-- Material for the task follows --

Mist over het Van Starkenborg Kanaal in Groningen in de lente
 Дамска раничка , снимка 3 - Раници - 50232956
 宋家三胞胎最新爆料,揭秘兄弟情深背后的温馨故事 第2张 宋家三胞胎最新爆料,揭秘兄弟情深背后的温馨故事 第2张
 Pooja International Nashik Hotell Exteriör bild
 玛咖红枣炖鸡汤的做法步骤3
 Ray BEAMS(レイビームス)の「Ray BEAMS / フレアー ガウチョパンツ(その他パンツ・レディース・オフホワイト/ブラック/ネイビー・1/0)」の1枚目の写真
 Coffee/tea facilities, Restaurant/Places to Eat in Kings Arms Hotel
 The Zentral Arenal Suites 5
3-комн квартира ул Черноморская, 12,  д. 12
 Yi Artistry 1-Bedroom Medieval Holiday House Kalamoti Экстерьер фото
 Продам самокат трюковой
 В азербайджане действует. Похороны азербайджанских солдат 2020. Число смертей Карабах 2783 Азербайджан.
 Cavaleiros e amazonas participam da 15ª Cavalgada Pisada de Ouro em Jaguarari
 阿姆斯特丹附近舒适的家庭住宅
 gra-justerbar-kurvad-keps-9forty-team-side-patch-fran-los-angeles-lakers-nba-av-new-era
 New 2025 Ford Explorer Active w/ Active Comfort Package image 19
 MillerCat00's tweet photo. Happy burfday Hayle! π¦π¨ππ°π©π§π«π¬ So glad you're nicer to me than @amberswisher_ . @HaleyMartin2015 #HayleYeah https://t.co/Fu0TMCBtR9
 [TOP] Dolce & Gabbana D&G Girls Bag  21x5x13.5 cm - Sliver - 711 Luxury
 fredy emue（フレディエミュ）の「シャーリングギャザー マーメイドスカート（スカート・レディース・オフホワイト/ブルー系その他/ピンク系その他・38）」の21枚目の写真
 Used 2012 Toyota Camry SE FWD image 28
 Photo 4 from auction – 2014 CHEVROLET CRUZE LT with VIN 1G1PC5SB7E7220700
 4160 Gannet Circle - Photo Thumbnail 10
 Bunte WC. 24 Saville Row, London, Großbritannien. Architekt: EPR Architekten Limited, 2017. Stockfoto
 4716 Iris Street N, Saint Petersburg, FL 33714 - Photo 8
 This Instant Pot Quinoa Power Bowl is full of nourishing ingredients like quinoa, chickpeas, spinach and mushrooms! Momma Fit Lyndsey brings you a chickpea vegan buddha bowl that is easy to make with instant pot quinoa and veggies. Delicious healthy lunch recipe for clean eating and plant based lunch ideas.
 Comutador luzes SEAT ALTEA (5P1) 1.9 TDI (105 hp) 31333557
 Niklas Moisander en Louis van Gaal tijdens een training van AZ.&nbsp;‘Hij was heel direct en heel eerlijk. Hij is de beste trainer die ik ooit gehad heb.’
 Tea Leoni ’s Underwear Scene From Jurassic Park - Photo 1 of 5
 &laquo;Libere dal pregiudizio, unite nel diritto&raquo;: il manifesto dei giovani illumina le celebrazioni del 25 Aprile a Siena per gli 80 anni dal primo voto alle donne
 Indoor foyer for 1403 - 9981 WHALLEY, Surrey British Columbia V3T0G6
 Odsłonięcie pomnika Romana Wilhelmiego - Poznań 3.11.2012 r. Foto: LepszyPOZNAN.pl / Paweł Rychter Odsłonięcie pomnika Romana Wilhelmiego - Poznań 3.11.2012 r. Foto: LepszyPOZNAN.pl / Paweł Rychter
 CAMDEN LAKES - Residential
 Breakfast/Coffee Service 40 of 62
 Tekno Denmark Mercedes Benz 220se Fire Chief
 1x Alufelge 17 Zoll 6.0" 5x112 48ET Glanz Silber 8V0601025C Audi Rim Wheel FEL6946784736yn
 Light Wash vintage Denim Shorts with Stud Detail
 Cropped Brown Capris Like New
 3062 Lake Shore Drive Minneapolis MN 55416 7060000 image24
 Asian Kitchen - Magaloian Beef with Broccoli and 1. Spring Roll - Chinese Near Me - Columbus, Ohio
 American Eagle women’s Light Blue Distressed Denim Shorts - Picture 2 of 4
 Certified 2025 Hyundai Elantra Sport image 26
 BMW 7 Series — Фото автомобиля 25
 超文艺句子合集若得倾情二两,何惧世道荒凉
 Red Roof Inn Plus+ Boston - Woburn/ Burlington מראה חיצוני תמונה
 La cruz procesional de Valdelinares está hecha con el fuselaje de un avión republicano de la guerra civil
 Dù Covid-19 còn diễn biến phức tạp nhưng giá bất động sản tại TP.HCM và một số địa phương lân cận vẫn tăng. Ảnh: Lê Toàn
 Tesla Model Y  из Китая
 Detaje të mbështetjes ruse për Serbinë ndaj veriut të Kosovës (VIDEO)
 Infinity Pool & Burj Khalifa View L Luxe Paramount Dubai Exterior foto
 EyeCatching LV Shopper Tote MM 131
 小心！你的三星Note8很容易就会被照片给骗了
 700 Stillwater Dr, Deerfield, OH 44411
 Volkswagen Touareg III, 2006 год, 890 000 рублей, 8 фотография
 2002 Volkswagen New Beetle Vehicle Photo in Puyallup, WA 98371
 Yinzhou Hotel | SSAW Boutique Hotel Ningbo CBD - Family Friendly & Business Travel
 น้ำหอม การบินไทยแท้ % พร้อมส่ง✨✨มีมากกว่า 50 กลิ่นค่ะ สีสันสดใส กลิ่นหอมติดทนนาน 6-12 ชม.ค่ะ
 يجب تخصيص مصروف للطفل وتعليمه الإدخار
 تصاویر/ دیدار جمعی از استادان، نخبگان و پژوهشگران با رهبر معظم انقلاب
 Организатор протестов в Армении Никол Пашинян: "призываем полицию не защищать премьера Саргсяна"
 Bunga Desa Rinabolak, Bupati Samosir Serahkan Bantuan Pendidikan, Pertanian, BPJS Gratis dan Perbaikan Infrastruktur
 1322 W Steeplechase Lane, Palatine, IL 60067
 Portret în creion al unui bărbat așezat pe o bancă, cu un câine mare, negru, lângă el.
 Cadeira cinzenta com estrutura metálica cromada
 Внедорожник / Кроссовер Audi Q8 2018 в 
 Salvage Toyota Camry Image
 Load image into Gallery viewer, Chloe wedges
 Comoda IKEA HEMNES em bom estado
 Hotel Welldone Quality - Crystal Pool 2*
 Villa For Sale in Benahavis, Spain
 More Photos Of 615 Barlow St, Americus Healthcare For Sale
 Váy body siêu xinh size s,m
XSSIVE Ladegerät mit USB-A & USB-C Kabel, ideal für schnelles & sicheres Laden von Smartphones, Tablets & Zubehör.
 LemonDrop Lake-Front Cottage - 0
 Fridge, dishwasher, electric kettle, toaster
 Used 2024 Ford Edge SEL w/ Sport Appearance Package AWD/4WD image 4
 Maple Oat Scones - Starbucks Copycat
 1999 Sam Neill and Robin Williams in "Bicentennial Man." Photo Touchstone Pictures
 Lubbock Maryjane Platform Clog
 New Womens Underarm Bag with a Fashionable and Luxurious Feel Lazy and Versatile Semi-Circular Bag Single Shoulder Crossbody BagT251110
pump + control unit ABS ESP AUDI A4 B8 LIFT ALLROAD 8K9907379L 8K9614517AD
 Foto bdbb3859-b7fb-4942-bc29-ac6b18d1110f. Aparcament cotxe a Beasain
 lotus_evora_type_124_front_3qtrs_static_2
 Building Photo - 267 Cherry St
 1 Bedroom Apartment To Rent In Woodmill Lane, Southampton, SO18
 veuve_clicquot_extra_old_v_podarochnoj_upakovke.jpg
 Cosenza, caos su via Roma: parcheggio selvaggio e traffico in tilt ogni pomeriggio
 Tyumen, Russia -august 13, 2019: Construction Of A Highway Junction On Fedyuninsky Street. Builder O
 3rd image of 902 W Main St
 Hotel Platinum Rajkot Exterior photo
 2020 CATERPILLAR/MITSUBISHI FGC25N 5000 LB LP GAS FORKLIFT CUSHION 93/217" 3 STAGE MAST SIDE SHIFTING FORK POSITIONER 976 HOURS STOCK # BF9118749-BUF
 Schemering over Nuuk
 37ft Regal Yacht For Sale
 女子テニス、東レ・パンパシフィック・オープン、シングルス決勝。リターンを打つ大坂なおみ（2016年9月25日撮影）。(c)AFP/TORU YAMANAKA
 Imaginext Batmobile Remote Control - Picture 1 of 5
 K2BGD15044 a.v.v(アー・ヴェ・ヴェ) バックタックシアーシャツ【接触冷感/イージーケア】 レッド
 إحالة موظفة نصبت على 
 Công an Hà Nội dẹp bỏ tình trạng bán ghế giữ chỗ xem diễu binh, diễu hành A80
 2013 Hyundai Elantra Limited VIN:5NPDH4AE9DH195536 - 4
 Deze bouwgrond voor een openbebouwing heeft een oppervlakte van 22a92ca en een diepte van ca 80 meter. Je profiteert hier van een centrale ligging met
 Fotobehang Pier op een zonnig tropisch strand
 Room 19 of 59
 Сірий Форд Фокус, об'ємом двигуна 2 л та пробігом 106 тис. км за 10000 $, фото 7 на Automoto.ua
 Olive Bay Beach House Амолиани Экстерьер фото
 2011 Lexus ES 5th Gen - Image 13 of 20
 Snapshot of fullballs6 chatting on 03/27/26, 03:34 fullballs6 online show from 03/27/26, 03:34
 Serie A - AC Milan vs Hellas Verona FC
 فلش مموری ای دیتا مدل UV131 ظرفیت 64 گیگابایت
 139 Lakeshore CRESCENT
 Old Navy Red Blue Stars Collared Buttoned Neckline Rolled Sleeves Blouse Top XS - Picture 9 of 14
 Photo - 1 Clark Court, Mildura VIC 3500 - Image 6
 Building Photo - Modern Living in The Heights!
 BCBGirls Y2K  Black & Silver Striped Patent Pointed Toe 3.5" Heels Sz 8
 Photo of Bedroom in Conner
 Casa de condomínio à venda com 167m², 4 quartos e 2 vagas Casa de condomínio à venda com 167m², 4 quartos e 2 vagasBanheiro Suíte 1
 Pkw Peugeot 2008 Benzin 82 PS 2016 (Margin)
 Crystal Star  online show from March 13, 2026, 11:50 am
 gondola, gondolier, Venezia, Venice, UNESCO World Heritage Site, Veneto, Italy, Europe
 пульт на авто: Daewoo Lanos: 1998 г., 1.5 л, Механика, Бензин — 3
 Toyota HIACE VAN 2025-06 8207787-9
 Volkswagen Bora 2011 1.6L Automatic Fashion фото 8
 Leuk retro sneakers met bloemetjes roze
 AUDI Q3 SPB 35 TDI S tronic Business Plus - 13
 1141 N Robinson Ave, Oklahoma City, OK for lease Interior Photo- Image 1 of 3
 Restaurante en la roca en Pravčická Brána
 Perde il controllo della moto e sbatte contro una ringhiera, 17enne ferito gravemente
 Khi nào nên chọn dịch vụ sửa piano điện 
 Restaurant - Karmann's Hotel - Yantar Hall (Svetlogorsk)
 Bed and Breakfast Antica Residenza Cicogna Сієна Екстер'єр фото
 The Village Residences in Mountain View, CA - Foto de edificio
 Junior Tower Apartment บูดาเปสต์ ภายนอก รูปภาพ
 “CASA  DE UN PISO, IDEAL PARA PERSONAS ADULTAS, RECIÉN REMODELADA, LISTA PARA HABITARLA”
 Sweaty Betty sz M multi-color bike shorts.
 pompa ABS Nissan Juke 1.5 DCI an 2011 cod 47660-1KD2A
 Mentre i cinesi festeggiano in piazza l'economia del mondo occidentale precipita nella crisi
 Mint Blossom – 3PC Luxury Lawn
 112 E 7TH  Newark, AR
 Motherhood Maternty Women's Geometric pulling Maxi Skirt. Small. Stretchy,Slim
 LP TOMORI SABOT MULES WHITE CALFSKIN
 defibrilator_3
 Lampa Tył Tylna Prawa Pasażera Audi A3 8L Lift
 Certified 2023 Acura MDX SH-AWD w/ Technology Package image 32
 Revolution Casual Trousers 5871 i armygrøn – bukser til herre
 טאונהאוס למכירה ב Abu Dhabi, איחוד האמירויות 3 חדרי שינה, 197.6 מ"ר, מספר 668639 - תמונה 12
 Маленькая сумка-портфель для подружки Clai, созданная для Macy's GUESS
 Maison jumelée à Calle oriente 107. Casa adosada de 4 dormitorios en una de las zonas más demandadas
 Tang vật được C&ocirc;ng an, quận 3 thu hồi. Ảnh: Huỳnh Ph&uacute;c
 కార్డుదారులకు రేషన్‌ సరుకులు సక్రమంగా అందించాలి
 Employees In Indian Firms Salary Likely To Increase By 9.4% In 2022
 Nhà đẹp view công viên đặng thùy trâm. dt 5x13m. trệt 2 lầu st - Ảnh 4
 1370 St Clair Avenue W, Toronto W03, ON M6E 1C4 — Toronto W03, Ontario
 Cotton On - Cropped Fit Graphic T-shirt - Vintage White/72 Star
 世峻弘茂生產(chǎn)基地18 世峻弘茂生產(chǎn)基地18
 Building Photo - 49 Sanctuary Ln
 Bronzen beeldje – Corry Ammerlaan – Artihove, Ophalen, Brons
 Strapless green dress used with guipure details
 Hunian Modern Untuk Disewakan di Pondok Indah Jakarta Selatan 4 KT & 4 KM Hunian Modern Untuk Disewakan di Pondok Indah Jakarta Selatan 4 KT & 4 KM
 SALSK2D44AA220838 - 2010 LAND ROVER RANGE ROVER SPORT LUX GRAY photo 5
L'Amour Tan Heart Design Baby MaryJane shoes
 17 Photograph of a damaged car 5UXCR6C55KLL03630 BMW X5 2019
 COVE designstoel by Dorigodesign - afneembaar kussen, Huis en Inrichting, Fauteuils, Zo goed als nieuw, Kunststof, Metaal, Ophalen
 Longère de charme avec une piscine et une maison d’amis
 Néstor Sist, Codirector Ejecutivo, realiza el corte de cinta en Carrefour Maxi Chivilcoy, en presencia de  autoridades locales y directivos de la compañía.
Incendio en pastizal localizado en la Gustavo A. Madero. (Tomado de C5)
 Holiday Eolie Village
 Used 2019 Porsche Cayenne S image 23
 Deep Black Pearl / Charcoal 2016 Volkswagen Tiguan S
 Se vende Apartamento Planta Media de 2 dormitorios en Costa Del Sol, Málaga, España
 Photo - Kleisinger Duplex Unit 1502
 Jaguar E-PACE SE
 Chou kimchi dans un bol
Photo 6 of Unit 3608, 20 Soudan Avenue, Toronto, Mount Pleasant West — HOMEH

-- Material for the task concluded --

# Work required:
Find and copy each line of the material that holds the word "Avenue".

# Answer section:
 1370 St Clair Avenue W, Toronto W03, ON M6E 1C4 — Toronto W03, Ontario
Photo 6 of Unit 3608, 20 Soudan Avenue, Toronto, Mount Pleasant West — HOMEH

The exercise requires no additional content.